**Exercise aim:** Retype, without changes, every line from the line that contains "Classics Letter Bikini" through the final line of the records. Exclude pictures.

**Source information:**
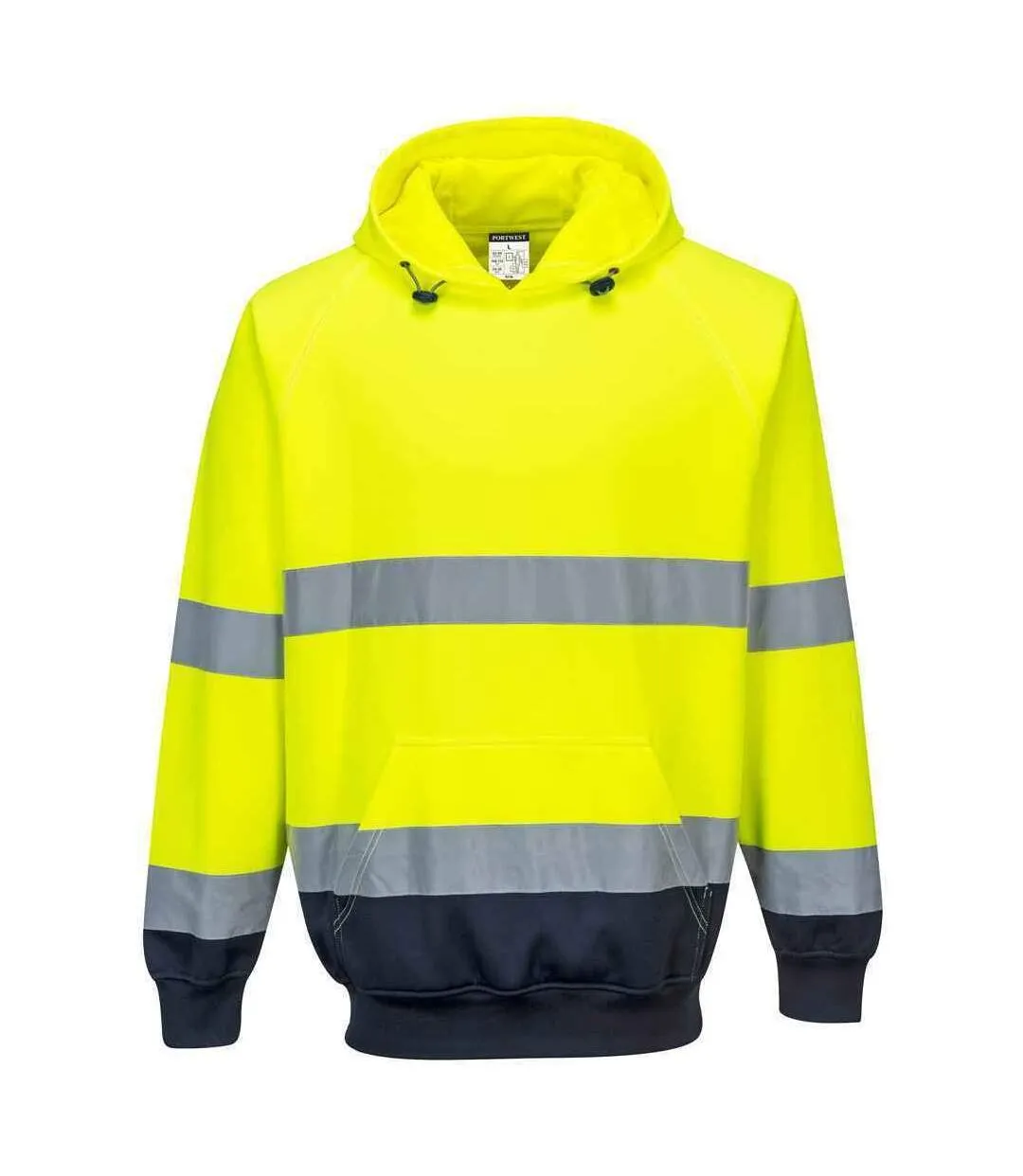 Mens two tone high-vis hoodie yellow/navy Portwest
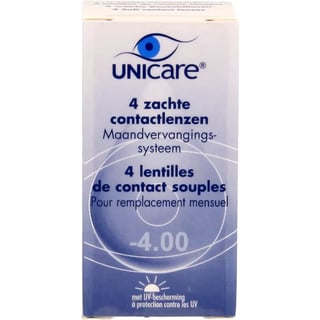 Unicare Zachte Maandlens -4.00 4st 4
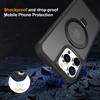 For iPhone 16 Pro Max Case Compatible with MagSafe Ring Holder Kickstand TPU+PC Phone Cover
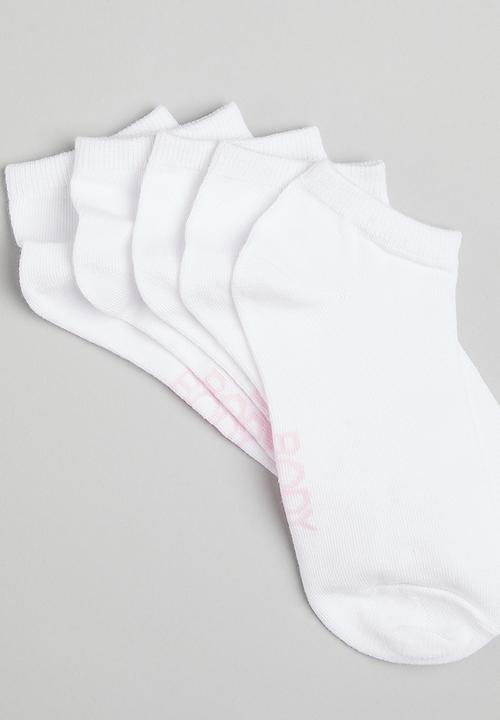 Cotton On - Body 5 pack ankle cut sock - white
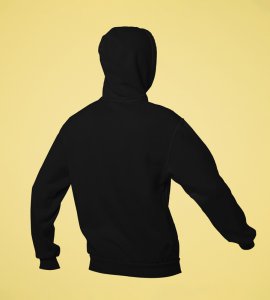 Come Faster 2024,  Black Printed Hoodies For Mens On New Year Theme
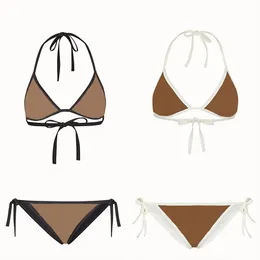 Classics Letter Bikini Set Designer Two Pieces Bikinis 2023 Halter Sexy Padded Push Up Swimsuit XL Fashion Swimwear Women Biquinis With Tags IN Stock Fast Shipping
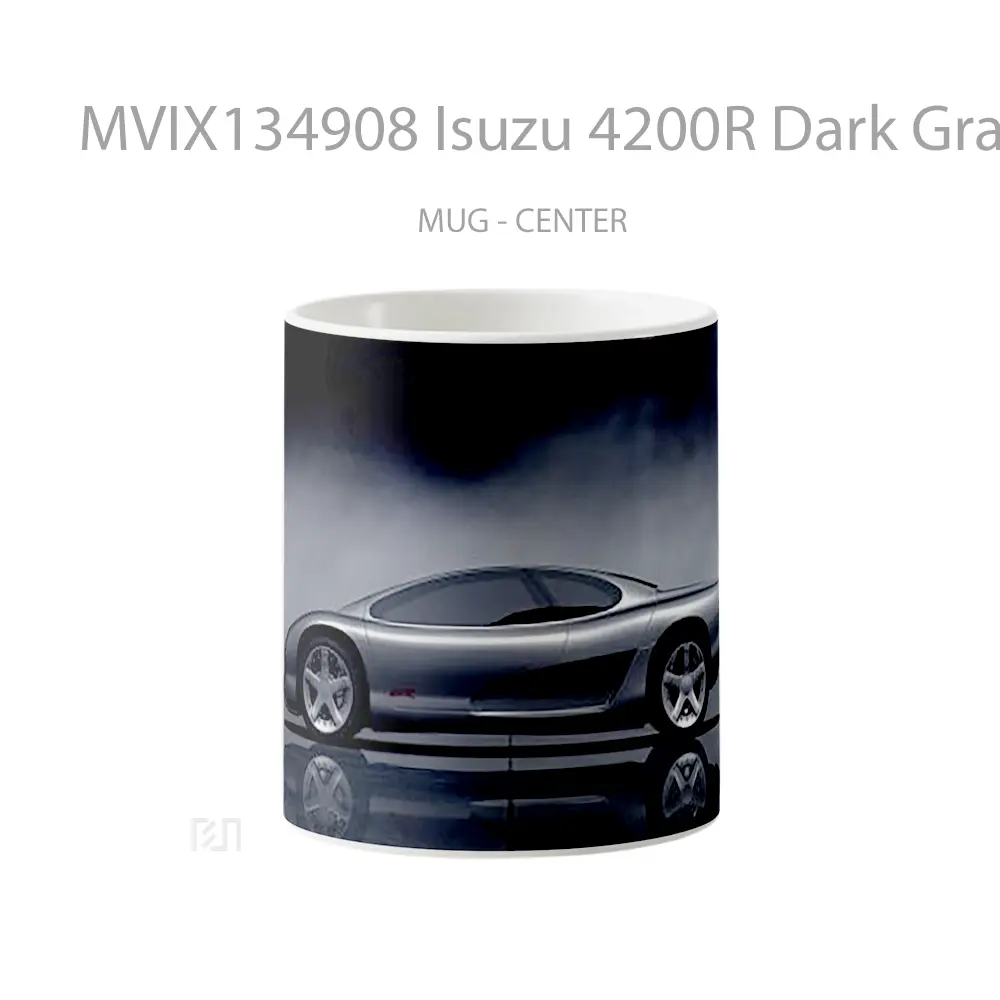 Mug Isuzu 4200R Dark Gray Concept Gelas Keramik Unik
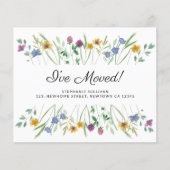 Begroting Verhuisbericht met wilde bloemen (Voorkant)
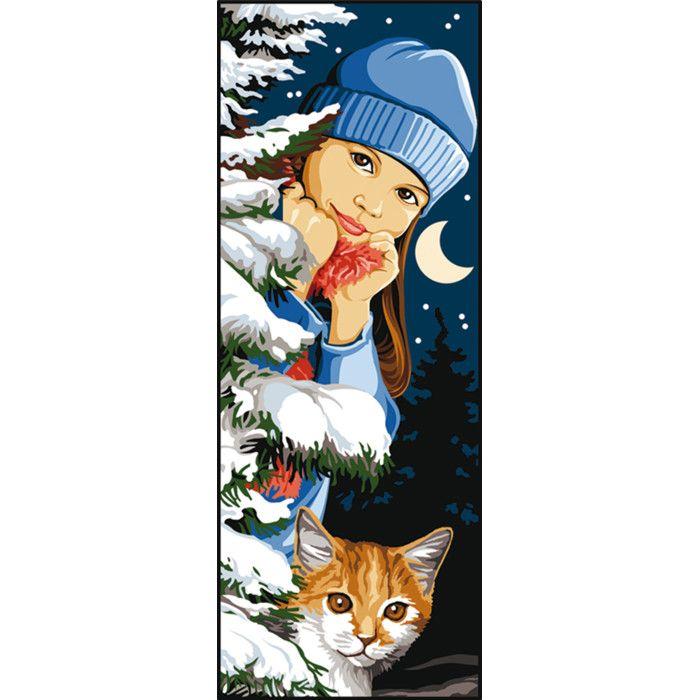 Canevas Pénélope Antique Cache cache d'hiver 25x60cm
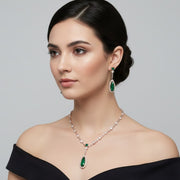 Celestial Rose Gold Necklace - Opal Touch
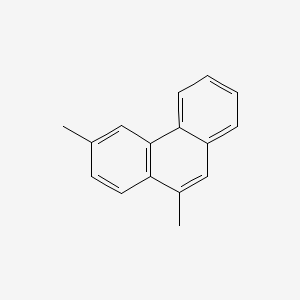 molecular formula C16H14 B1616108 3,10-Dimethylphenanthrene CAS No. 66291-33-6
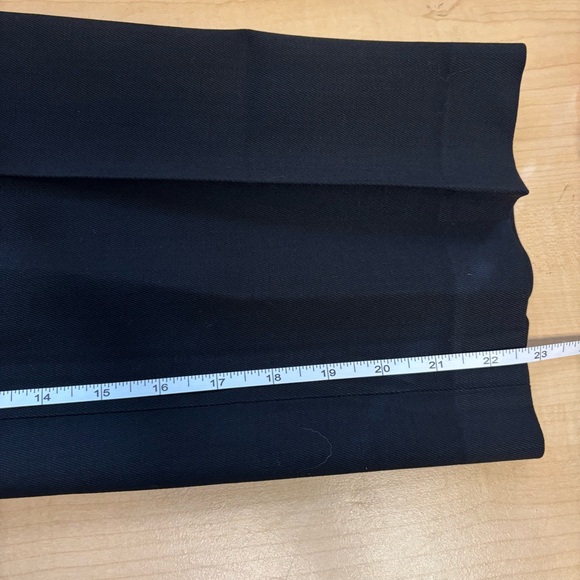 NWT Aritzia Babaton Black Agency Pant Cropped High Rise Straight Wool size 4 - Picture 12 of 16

**Your response:**
 Classics Letter Bikini Set Designer Two Pieces Bikinis 2023 Halter Sexy Padded Push Up Swimsuit XL Fashion Swimwear Women Biquinis With Tags IN Stock Fast Shipping
 Mug Isuzu 4200R Dark Gray Concept Gelas Keramik Unik
 Begroting Verhuisbericht met wilde bloemen (Voorkant)
 Canevas Pénélope Antique Cache cache d'hiver 25x60cm
 Celestial Rose Gold Necklace - Opal Touch
 molecular formula C16H14 B1616108 3,10-Dimethylphenanthrene CAS No. 66291-33-6
 NWT Aritzia Babaton Black Agency Pant Cropped High Rise Straight Wool size 4 - Picture 12 of 16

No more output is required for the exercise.